The upstairs entryway has a relatively thin space to the side of the stair bannister, but wide enough for my commuting bicycle, (although I'll probably roll it in backwards, so the handlebars never get caught). I plan to place my bicycle there, but I want to ensure that I do not scuff up the walls, as I roll it in and out each day.

I want to cheaply line the walls without altering (scuffing, penetrating) the walls. I figure 3 planes of material could do it, (for the left, right, and back walls), but I'm not sure of which material could be:

  • Sturdy enough to stand on its own weight
  • Thin enough to not significantly reduce the already small space
  • Light enough to rest against the wall without cutting into it if it shifted slightly
  • Purchased in sizes 5 ft. tall
  • Cheap
  • Possibly still aesthetically pleasing

Ideas included:

  • Corregated cardboard (where could I get sizes large enough)
  • Sheetrock/drywall (I think these max at 4 feet)
  • Plastic (what type? clear would be aesthetically pleasing)

1 Answer 1


It's an entryway that you'd like to keep clean, and drywall would ding, scrape, and mar just like the existing drywall, so that's not a good option.

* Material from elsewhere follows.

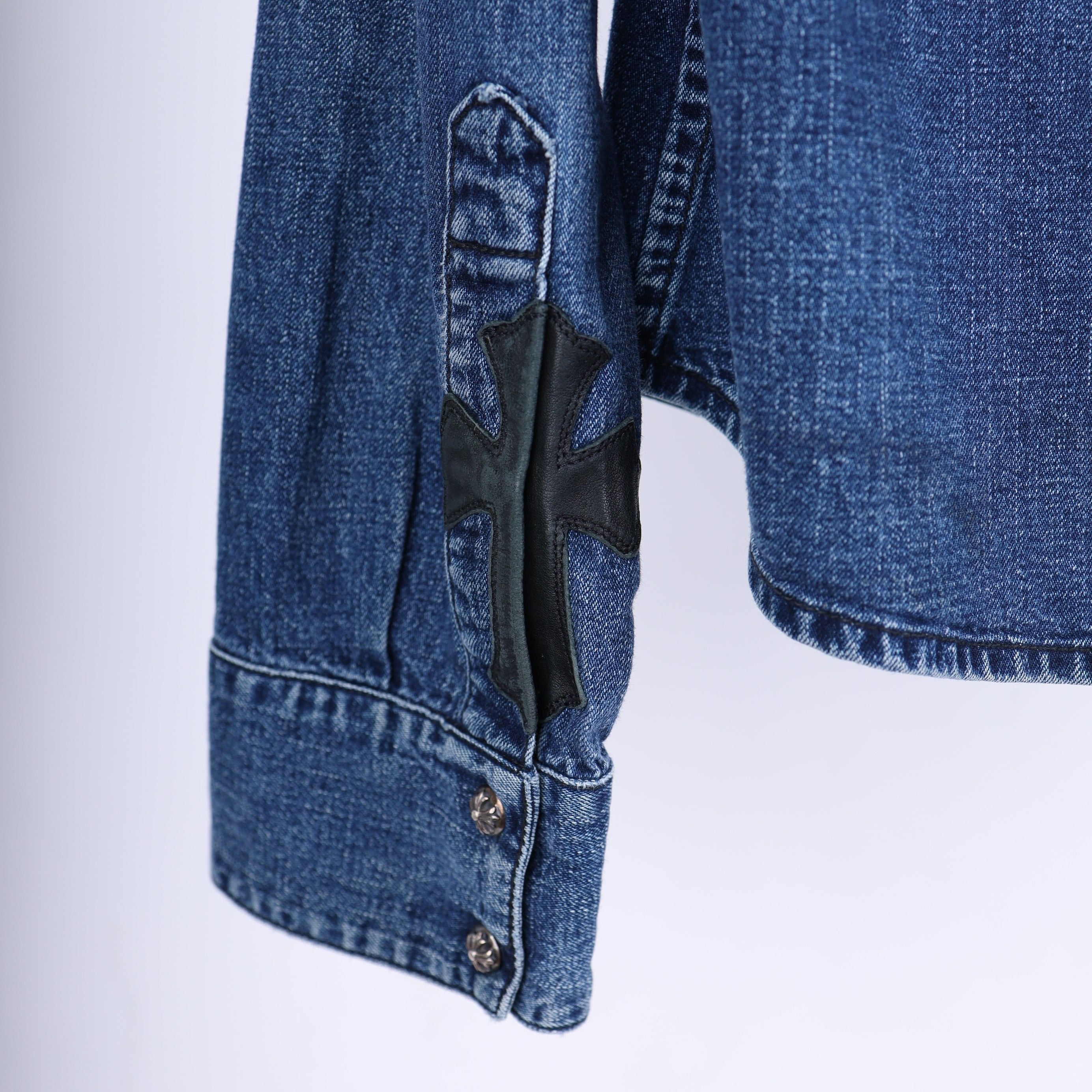 Chrome Hearts CHROME HEARTS CROSS PATCH SLEEVE DENIM SHIRT Size US L / EU 52-54 / 3 - 5 Thumbnail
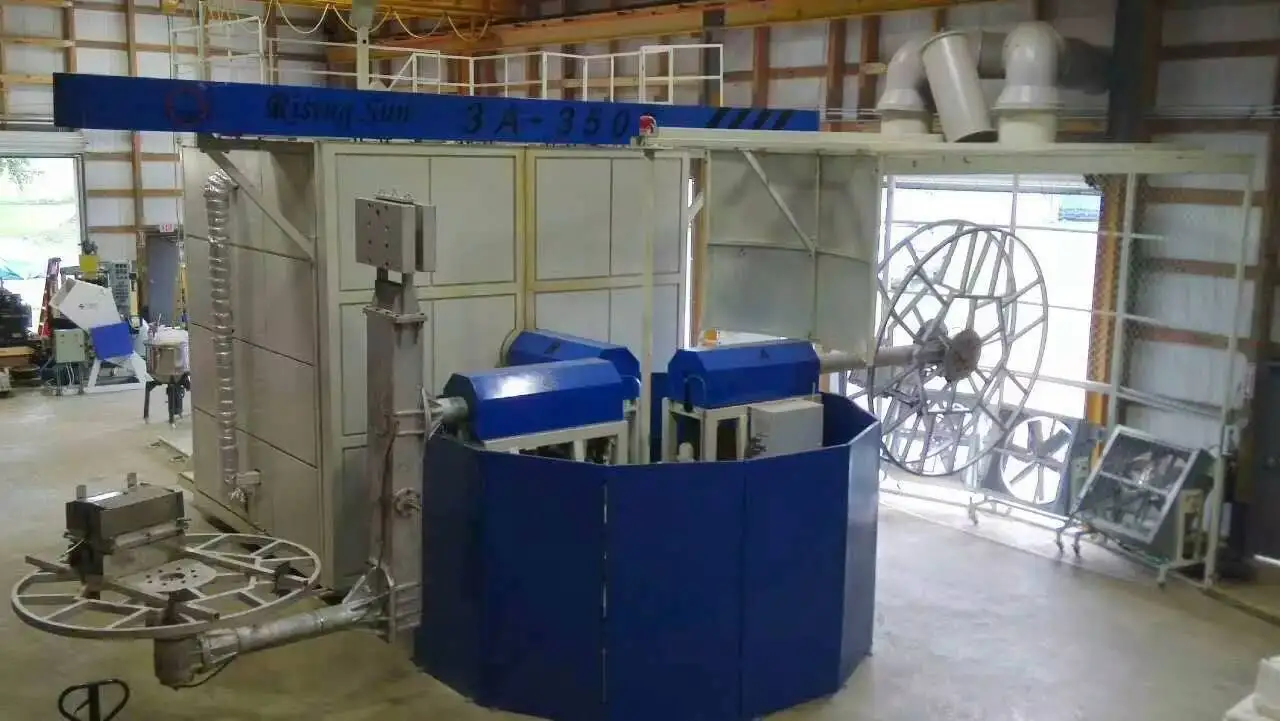 Rising Sun 3.5m oven heating carousel 3 arms 4 working stations plastic rotomolding machines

I would consider the following material:


It's a simple lightweight plastic, that can be installed with cheater strips and liquid nails, and has an inexpensive cap rail too. It'd be long lasting, easy to clean, and white goes with almost anything. It does mean you will have to take some time and care to make sure it looks good, considering it'll be there for decades. My cost estimate would be $130 US in total, for 3 panels, a straightedge and box knife, Liquid nails and the edging strips.

And, of course, that also means you need to get permission from the building owner to install it, but the fact you've asked will go a long way to getting a yes.

If you don't care what it looks like, and you're moving out in a year or so, then I'd seriously consider the cardboard option instead, and use blue painters tape to hold the cardboard together, and the panels to one another.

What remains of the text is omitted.